→ WORK ITEM
With both ends included, repeat exactly the lines of the entries below from the one containing "Endopeak Performance Capsules" down to the one containing "Port Authority Youth", and no others.

→ DATA SHOWN

◇ ◇ ◇ ◇ ◇ ◇ ◇

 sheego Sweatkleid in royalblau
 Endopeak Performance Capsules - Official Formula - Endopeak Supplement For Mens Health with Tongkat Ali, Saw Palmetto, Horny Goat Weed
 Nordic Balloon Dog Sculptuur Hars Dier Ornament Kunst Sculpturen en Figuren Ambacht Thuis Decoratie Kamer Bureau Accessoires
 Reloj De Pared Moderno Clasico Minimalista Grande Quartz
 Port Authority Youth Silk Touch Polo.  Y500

◇ ◇ ◇ ◇ ◇ ◇ ◇

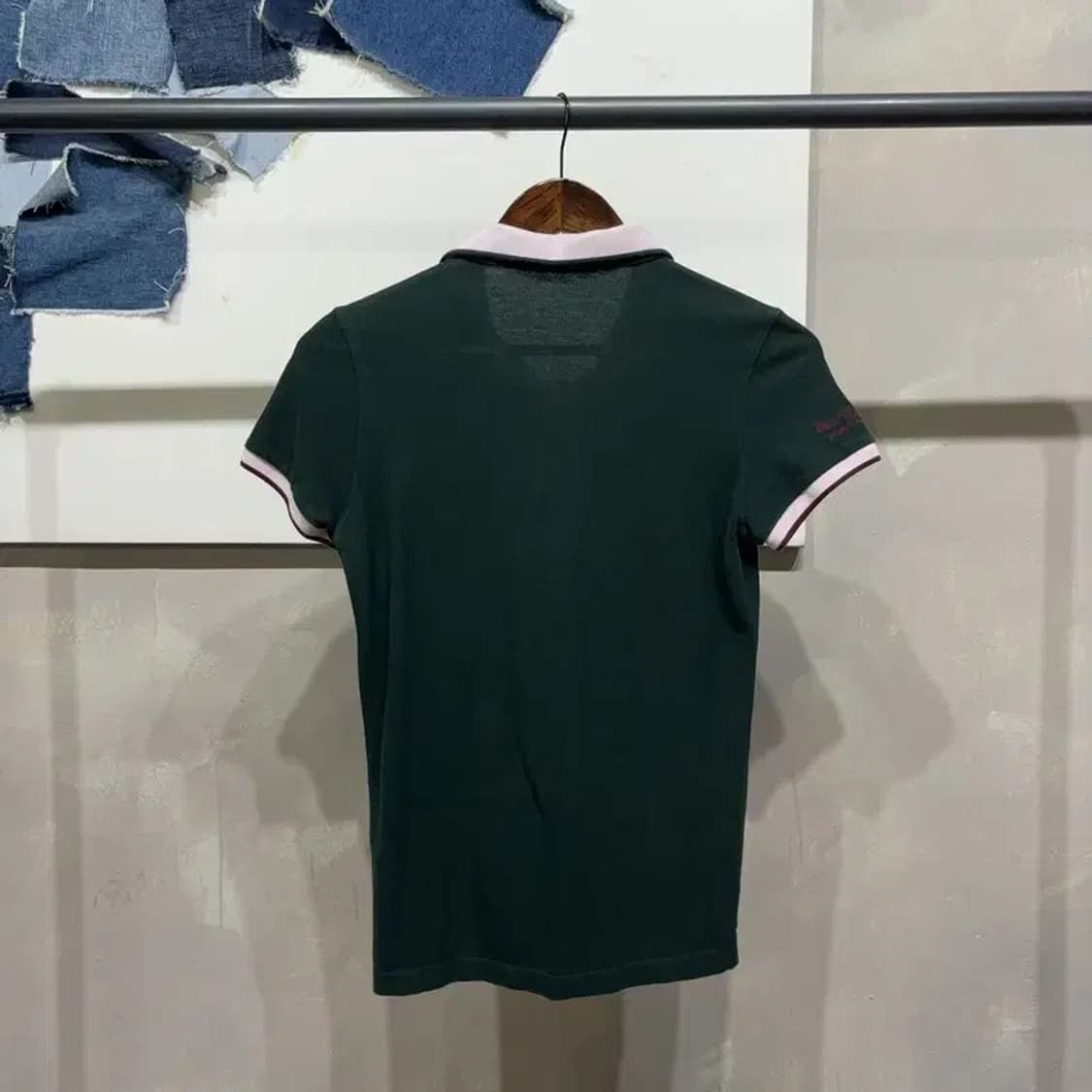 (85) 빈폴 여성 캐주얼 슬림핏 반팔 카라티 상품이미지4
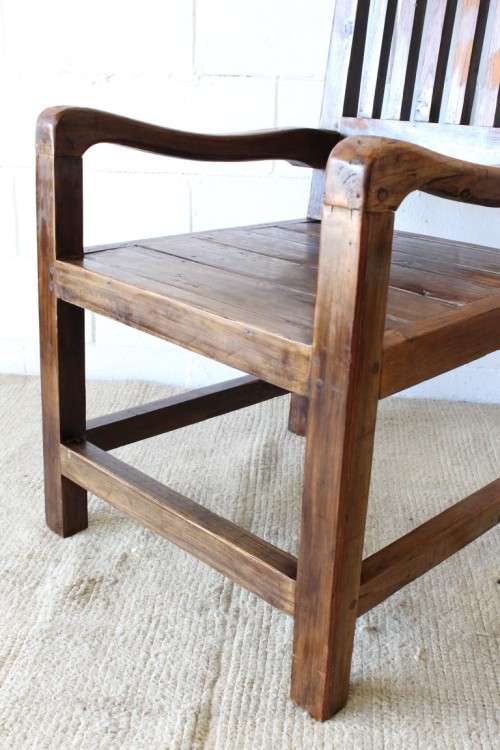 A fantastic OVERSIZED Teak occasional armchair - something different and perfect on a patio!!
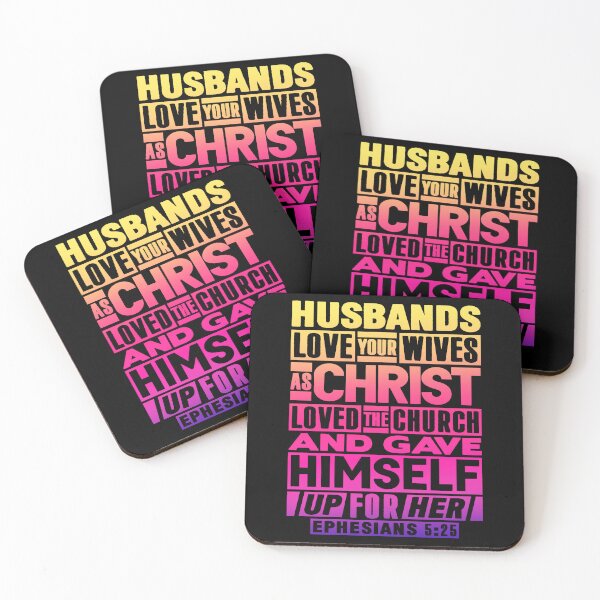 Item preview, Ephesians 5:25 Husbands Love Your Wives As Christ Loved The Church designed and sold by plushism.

◇ ◇ ◇ ◇ ◇ ◇ ◇

→ COMPLETED TASK
 Endopeak Performance Capsules - Official Formula - Endopeak Supplement For Mens Health with Tongkat Ali, Saw Palmetto, Horny Goat Weed
 Nordic Balloon Dog Sculptuur Hars Dier Ornament Kunst Sculpturen en Figuren Ambacht Thuis Decoratie Kamer Bureau Accessoires
 Reloj De Pared Moderno Clasico Minimalista Grande Quartz
 Port Authority Youth Silk Touch Polo.  Y500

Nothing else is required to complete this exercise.